Recessive haplotypes

We are now reporting recessives in the inbreeding checker, flagging matings that have a possibility of producing affected offspring, where the information is available.

Recessives only present a diseased phenotype when an animal inherits two copies - one from each parent. These variants remain silent in carriers, but when two carriers are mated, there is a risk of producing affected offspring. Identifying carriers is therefore important, yet challenging.

In some cases, the causative mutation is directly implemented in the SNP array (used for genomic evaluations), however, in other cases they need to be inferred from the surrounding genotype (haplotype).

Recessive diseases can cause a range of severe issues, affecting development, fertility, production - some can even be lethal. Understanding and tracking carrier status is essential for responsible breeding decisions and for reducing the incidence of harmful genetic conditions in dairy populations.

Holstein haplotypes

The table below details the haplotypes that we are currently publishing.

*Call rate is the percentage of carriers made through AHDB's recessive calling that matched other sources of recessive information. If this column is blank, the recessive calls are made exclusively by third-party data providers.

Processing data sources

Primary data

Many third-parties have been kind enough to supply their data from directly testing for recessive diseases. Where these have been supplied for an individual, these take priority over AHDB's data. Many of these test a wider range of traits and are supplied in regular data transfers from third-party suppliers. Please directly contact the test provider for more information on the testing process and reliability of calls made.

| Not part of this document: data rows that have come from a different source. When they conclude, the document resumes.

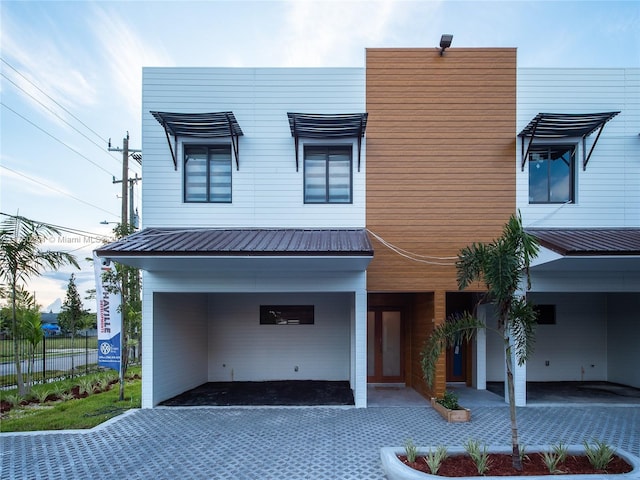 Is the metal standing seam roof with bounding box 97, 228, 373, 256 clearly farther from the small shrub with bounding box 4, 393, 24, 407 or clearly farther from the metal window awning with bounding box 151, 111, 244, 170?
the small shrub with bounding box 4, 393, 24, 407

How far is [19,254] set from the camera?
28.2 feet

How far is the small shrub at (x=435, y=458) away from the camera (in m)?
4.35

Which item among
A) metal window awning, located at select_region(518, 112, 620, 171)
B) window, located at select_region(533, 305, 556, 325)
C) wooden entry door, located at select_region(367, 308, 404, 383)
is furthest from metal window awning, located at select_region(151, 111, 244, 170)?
window, located at select_region(533, 305, 556, 325)

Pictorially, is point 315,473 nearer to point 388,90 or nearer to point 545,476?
point 545,476

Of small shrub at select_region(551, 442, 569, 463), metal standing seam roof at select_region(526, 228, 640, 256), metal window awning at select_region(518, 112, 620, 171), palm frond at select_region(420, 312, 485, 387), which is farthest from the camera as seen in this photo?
metal window awning at select_region(518, 112, 620, 171)

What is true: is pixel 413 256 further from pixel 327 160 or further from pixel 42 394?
pixel 42 394

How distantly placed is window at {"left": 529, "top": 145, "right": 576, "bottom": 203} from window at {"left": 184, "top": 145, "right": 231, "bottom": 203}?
24.4 ft

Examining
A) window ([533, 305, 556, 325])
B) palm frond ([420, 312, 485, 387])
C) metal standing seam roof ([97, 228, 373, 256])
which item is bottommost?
window ([533, 305, 556, 325])

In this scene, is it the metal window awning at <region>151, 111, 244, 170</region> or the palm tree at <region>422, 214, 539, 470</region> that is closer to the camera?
the palm tree at <region>422, 214, 539, 470</region>

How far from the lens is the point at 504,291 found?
A: 4.44 meters

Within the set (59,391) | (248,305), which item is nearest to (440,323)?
(248,305)

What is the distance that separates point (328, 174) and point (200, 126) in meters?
3.17

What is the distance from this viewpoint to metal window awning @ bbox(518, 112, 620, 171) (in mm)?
7586

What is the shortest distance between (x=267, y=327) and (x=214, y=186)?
4436 millimetres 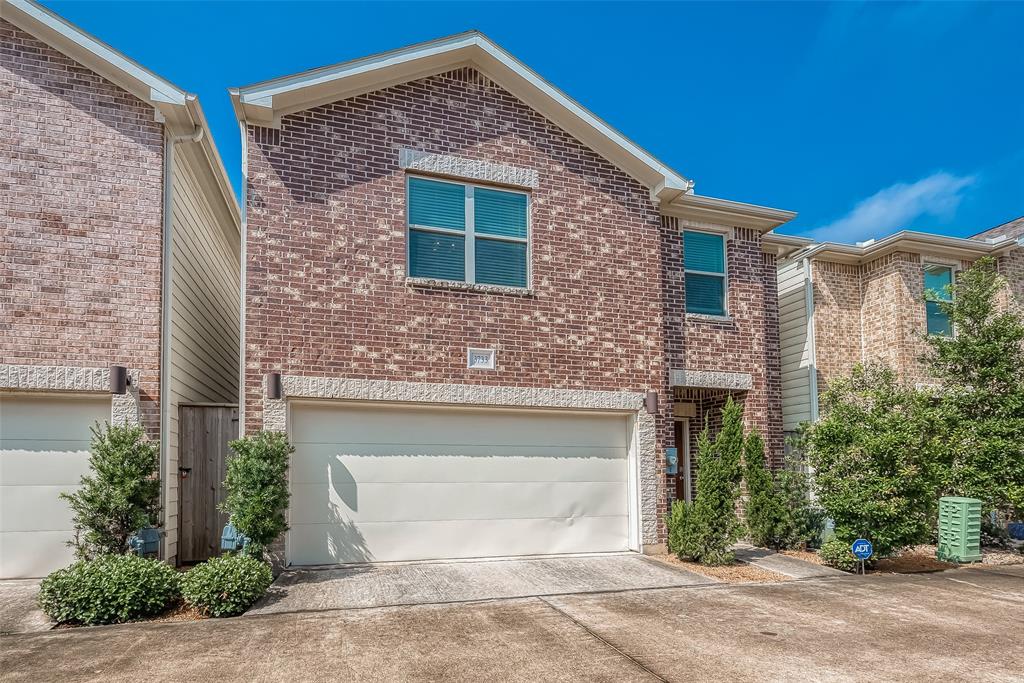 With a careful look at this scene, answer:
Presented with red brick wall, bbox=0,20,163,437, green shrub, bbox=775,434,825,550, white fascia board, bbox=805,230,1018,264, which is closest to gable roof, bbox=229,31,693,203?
red brick wall, bbox=0,20,163,437

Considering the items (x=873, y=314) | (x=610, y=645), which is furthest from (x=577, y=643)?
(x=873, y=314)

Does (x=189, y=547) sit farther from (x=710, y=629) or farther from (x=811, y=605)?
(x=811, y=605)

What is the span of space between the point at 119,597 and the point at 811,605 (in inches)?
280

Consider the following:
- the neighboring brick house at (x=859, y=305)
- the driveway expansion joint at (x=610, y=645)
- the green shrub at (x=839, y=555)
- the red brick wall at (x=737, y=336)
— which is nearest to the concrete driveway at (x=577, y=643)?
the driveway expansion joint at (x=610, y=645)

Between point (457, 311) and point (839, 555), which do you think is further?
point (457, 311)

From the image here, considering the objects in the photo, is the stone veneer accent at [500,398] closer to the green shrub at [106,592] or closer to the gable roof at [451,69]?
the green shrub at [106,592]

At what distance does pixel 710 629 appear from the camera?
22.0 ft

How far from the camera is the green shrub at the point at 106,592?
6785 millimetres

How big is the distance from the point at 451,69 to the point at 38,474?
755 cm

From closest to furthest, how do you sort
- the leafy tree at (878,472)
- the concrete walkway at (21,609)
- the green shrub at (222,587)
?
1. the concrete walkway at (21,609)
2. the green shrub at (222,587)
3. the leafy tree at (878,472)

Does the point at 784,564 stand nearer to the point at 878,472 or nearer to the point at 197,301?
the point at 878,472

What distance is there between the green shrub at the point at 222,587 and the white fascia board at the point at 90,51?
5.56 m

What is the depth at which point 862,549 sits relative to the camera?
9.51m

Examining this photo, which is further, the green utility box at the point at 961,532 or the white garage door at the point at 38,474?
the green utility box at the point at 961,532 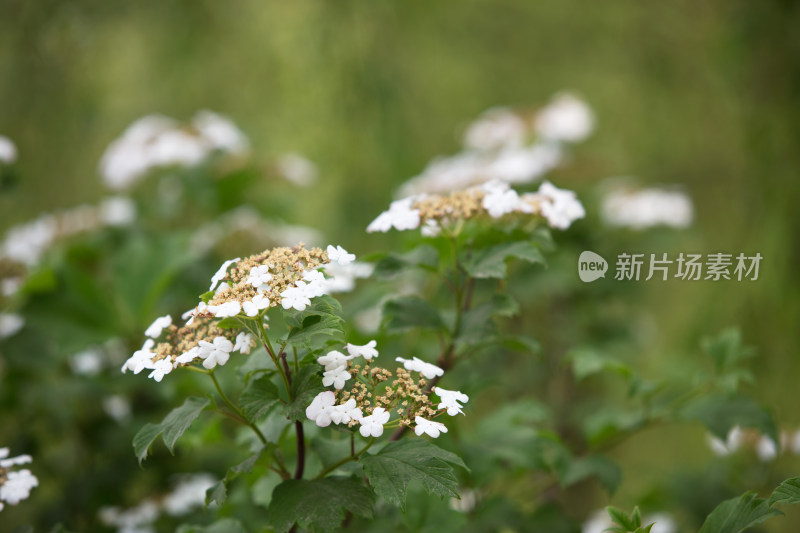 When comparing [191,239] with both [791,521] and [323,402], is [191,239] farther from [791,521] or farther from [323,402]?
[791,521]

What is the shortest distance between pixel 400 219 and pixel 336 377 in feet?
1.09

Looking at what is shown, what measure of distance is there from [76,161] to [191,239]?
1.23m

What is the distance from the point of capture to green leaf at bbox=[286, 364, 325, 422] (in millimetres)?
829

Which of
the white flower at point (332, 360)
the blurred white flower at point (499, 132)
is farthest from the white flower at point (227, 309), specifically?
the blurred white flower at point (499, 132)

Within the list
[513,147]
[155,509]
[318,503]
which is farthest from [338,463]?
[513,147]

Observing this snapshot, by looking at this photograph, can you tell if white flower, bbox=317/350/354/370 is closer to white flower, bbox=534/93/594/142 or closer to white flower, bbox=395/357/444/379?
white flower, bbox=395/357/444/379

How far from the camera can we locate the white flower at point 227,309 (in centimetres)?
80

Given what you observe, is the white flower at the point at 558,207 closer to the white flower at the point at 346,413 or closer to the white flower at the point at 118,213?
the white flower at the point at 346,413

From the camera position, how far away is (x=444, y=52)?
3381 mm

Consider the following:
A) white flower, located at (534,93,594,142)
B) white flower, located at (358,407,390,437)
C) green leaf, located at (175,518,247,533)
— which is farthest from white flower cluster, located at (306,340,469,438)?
white flower, located at (534,93,594,142)

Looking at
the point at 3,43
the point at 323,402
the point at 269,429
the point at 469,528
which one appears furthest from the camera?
the point at 3,43

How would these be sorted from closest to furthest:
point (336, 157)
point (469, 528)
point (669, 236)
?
1. point (469, 528)
2. point (669, 236)
3. point (336, 157)

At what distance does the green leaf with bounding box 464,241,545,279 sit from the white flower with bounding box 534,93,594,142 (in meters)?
1.22

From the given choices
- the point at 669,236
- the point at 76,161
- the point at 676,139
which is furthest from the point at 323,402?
the point at 676,139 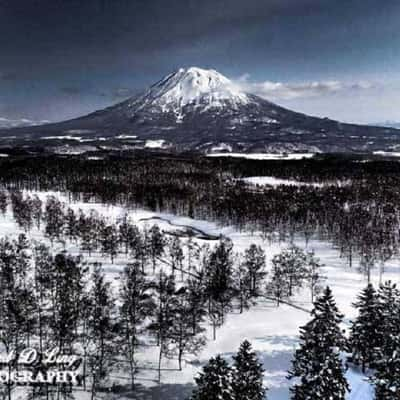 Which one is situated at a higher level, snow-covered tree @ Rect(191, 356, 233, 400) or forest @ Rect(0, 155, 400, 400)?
snow-covered tree @ Rect(191, 356, 233, 400)

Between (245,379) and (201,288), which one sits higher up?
(245,379)

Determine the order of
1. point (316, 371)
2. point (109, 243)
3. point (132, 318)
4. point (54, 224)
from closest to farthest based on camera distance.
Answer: point (316, 371) → point (132, 318) → point (109, 243) → point (54, 224)

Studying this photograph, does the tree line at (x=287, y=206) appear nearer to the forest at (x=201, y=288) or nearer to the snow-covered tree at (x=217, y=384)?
the forest at (x=201, y=288)

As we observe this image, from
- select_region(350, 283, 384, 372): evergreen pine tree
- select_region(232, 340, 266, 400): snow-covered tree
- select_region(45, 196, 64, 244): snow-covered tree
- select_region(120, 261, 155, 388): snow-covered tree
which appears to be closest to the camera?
select_region(232, 340, 266, 400): snow-covered tree

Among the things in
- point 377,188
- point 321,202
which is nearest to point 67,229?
point 321,202

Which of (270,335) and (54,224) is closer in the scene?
(270,335)

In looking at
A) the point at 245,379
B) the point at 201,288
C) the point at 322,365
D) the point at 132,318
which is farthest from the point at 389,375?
the point at 201,288

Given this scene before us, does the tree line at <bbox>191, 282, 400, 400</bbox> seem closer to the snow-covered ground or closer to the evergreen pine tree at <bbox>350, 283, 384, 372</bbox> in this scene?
the evergreen pine tree at <bbox>350, 283, 384, 372</bbox>

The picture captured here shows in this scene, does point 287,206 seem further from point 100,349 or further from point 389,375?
point 389,375

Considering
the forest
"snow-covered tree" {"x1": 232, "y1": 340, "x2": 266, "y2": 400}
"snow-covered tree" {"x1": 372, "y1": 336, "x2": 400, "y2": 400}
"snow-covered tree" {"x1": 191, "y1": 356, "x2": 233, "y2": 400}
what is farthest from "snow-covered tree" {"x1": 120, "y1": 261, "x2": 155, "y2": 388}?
"snow-covered tree" {"x1": 372, "y1": 336, "x2": 400, "y2": 400}

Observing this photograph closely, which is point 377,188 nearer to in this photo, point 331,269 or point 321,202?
point 321,202

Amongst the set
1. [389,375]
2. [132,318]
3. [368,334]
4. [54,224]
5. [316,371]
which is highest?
[316,371] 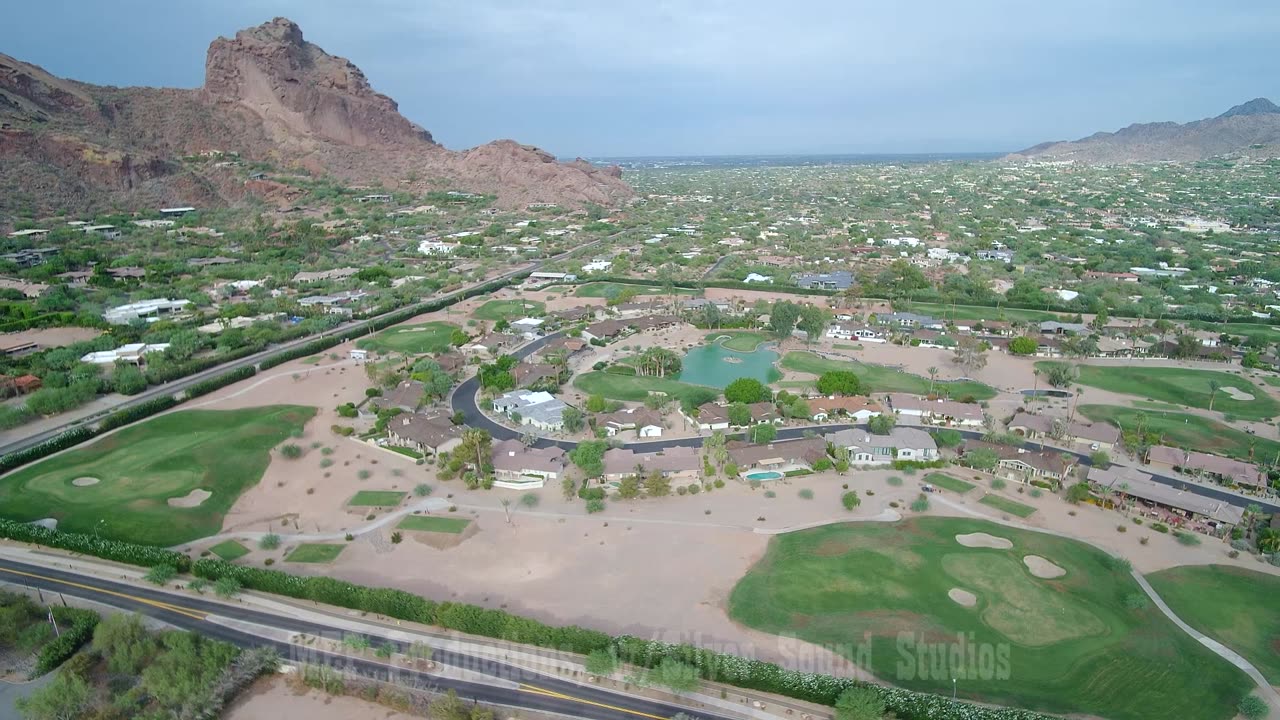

Currently, transfers are received from: Cogent, Genus, National Milk Records, Holstein UK, Interbull.

AHDB recessive calls

Where a direct recessive test is not available for an individual and when a genotype is supplied to AHDB for a genomic evaluation, we attempt to determine the carrier status for the recessives using the genotype.

In some cases, this is simply checking the causative SNP and making a direct call. In many cases, we do not receive the causative SNP from the genotype supplier, so we use imputation to predict the carrier status based on the surrounding genotype.

Importantly, this is not a direct test of the carrier status (unlike many third-party tests), but rather an estimate of the most likely given the information. The calls that are made through this process are validated against other tests where possible, and recessive calls are only published in this way if there is reasonable alignment with other, more reliable testing methods. See the table above for call rate values.

Although it is unlikely, it is possible that the recessive calls made in this way may change over an animal's lifetime. Usually this is because either an additional, different, genotype has been supplied for the animal, or as our genomic reference population grows the imputation slightly changes. 

Acknowledgement

We would like to thank Cogent, Genus, and National Milk Records for their support, cooperation, and enthusiasm to provide data and information for this project.

We would also like to thank Holstein UK for regular data supply.